SOURCE MATERIAL:
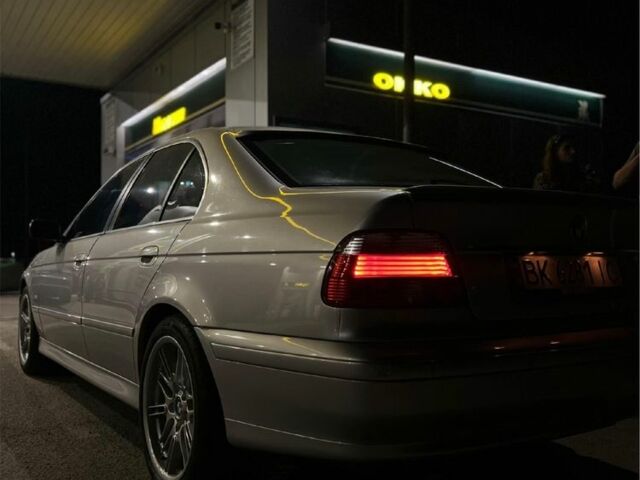 Серый БМВ 5 Серия, объемом двигателя 2.9 л и пробегом 300 тыс. км за 3500 $, фото 4 на Automoto.ua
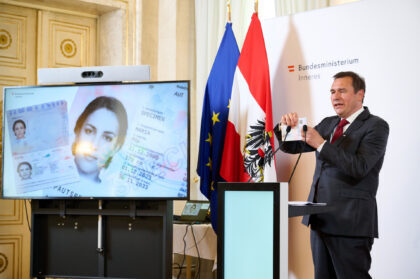 QR Code Neuer Reisepass CHECK AT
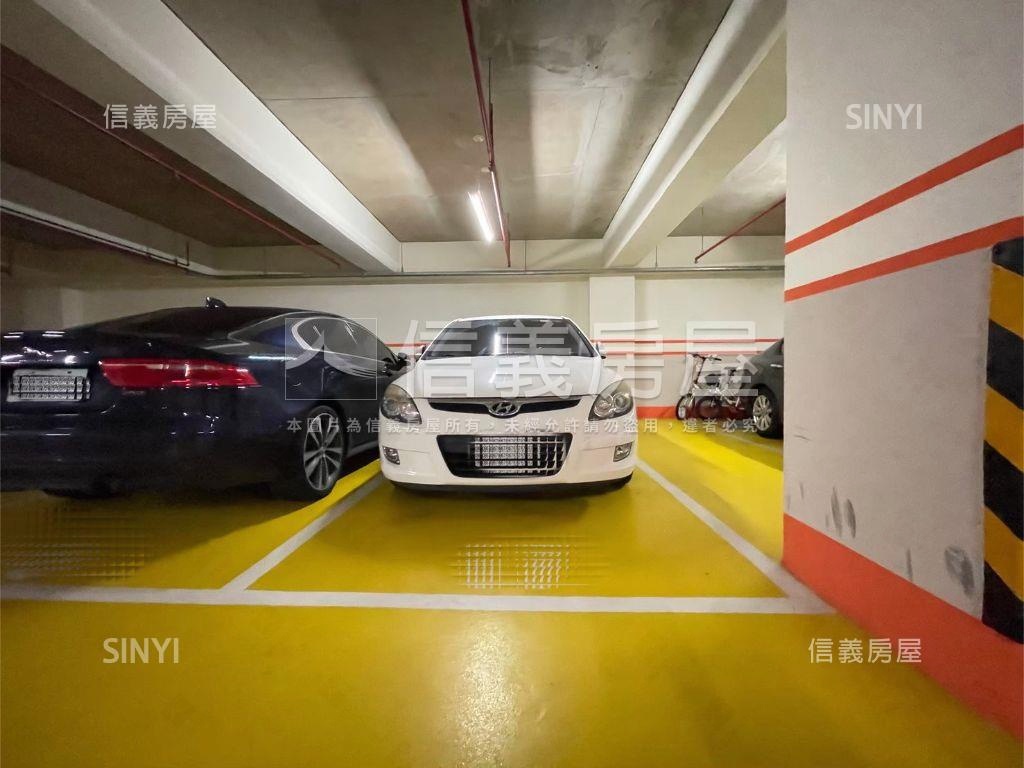 力璞悅２房車位房屋室內格局與周邊環境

EXERCISE AIM: An exact copy of the material is required, minus the pictures.

EXERCISE RESULT:
 Серый БМВ 5 Серия, объемом двигателя 2.9 л и пробегом 300 тыс. км за 3500 $, фото 4 на Automoto.ua
 QR Code Neuer Reisepass CHECK AT
 力璞悅２房車位房屋室內格局與周邊環境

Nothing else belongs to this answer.